Mais il est intéressant de considérer l'ensemble du texte grec. Dans la question posée trois fois par Jésus à Pierre : "M'aimes-tu ?", on constate en grec une grande différence que l'on ne peut pas du tout exprimer en français. Il existe en effet le mot "agapein" pour aimer. C'est l'amour divin, comme Dieu aime : « Je vous donne un commandement nouveau : c’est de vous aimer les uns les autres. Comme je vous ai aimés, vous aussi aimez-vous les uns les autres. » (Jn 13,34) Il y a également le mot "philein", l'amour humain, amical, donc possible pour les hommes. C'est par exemple l'amour de Jésus pour Lazare : « Voyez comme il l'aimait ! » (Jn 11,36), son ami. Il l'aimait comme un ami. Et Jésus demande à Pierre la première et la deuxième fois : "agapas me" - m'aimes-tu vraiment de cet amour divin ? -, ce à quoi Pierre lui répond chaque fois en toute humilité : "philo se", c'est-à-dire : "Seigneur, tu sais que je t'aime du mieux que je peux. Je t'aime comme un ami". Pierre répond donc très humblement et honnêtement, car il est totalement détruit dans son assurance par sa trahison. Mais la troisième fois, Jésus se met au niveau de Pierre : "Simon, fils de Jean, m'aimes-tu ?" - "phileis me", "m'aimes-tu comme un ami ?". Pierre lui répond : "Seigneur, tu sais tout : tu sais aussi que je t'aime comme un ami". C'est merveilleux ! Jésus se met au niveau de Pierre et lui demande avec les mêmes mots que Pierre lui a déjà répondu deux fois.
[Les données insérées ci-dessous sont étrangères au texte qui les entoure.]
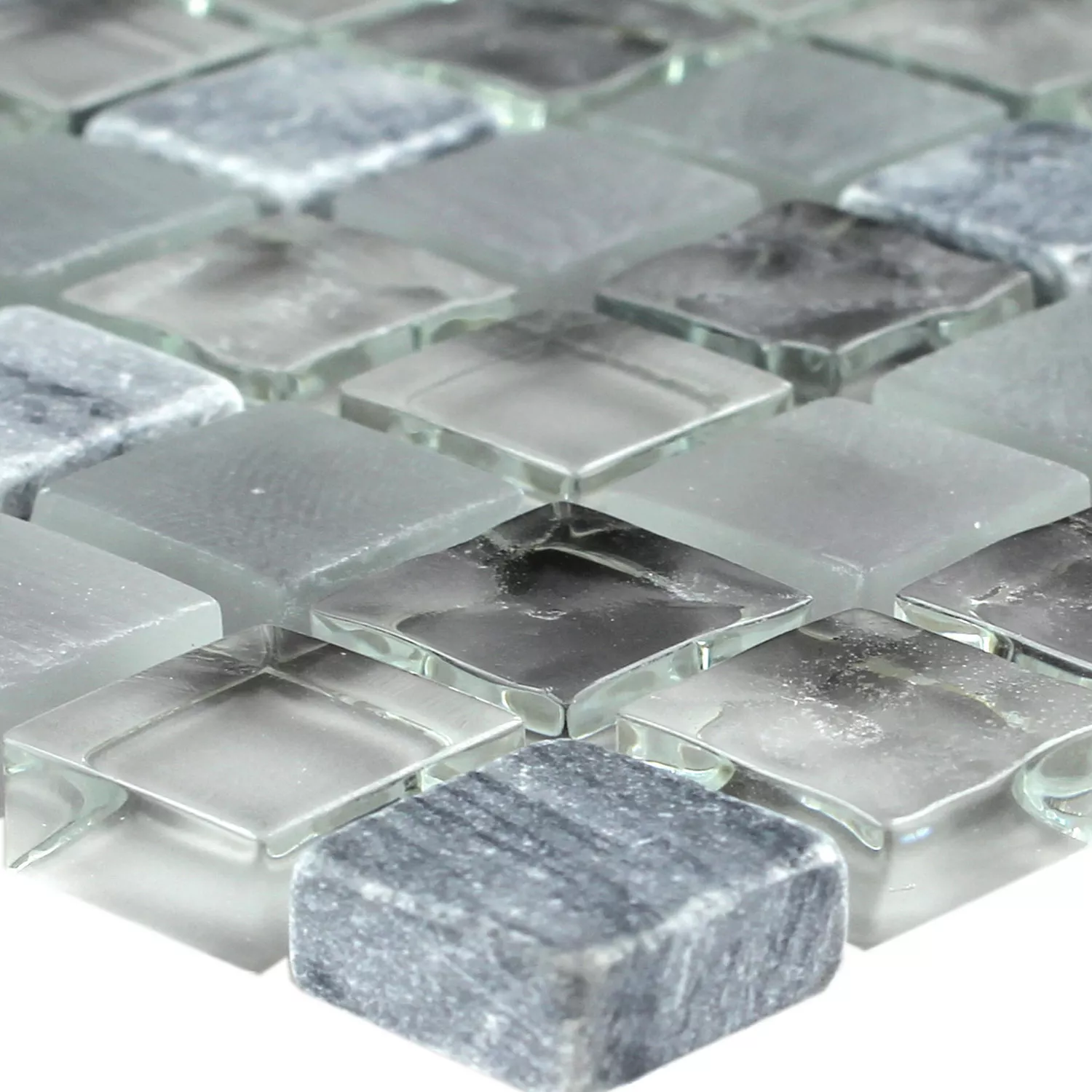 Sample Mosaic Tiles Glass Marble Light Grey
Alors que Pierre répond deux fois par : "Tu sais que je t'aime", dans sa troisième réponse, pour ainsi dire en réaction à l'attention aimante de Jésus, quelque chose de nouveau apparaît : « Seigneur, toi, tu sais tout : tu sais bien que je t’aime. » Ce n'est plus la même chose que sa déclaration précédente : "Tu connais mon cœur. Tu connais mon intérieur". - "su ginoskeis" - "Tu sais que je t'aime sincèrement, du mieux que je peux". Pierre a abandonné toute assurance et fait appel à la connaissance du cœur de Jésus.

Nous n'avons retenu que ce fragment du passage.